In 2007, Martelly moved back to Haiti from Miami, where he had been living with his family. As a result of the move and the financial downturn, he lost three properties and had to default on over $1 million in loans.
In 2010, Martelly ran for the Haitian presidency, making it into the runoff after he contested the first count.
On 4 April 2011, Martelly’s election was announced; he defeated his opponent, Mirlande Manigat, with 60 percent of the vote.
On 14 May 2011, Martelly was sworn in as Haitian president and on the following day, Prime Minister Jean-Max Bellerive resigned, allowing Martelly to choose a Prime Minister for his administration.
In August 2011, he unveiled his plan to reinstate the Haitian military, to mixed public opinion.
In September 2011, Martelly teamed with various business executives, bank managers and politicians, including Bill Clinton, to create a plan to jumpstart Haitian economy.
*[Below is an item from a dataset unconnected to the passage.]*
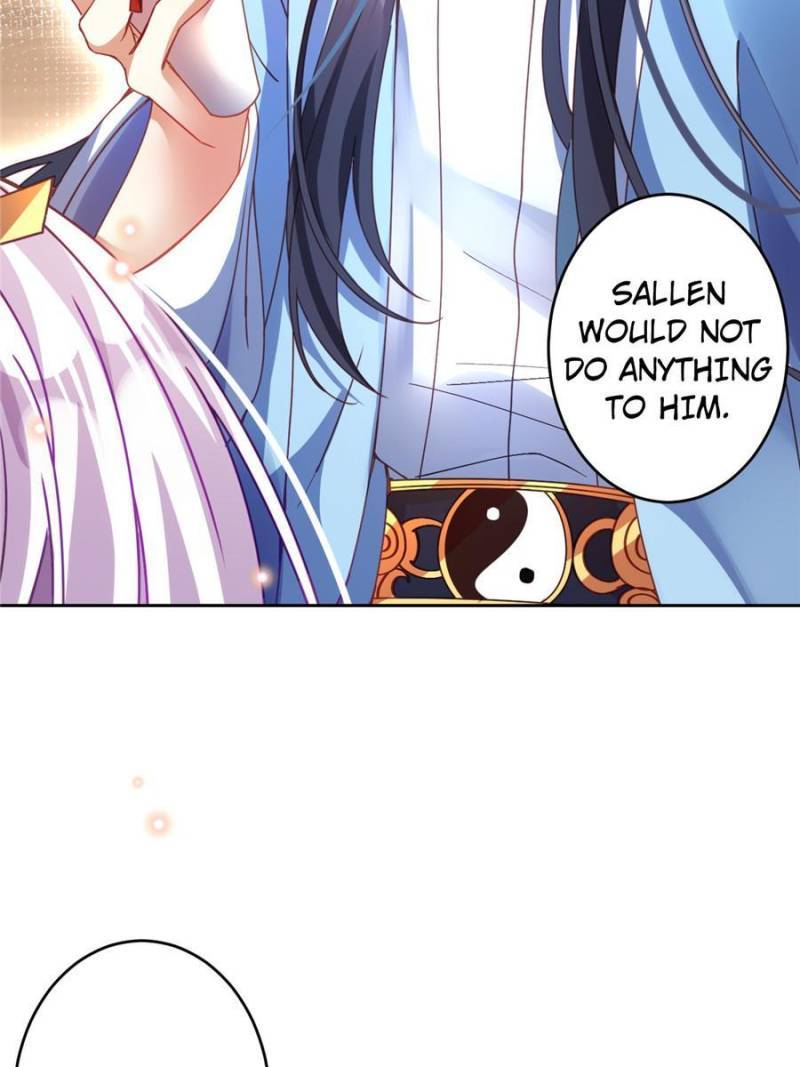 Page 4 of Chapter 139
In April 2012, he was accused receiving bribe in lieu of awarding a contract to a Dominican Republic construction company.
In May 2012, Senate elections were postponed until 26 October 2014 and then again, indefinitely. This caused huge public outrage. Many of the protests targeted Martelly’s faulty leadership in allowing the continuous postponement.
On 17 January 2015, protesters descended on Port-au-Prince to campaign against the dissolution of Parliament and to demand the president’s resignation.
Martelly claims that, as a young man, he was thrown out of the Haitian Military Academy because he allegedly impregnated a general’s goddaughter.
Martelly is a cousin of Richard Morse, another Haitian musician and also a hotel manager.
As a musical performer, one of Martelly’s trademarks was his flamboyant style, regularly dressing in drag or partially stripping onstage.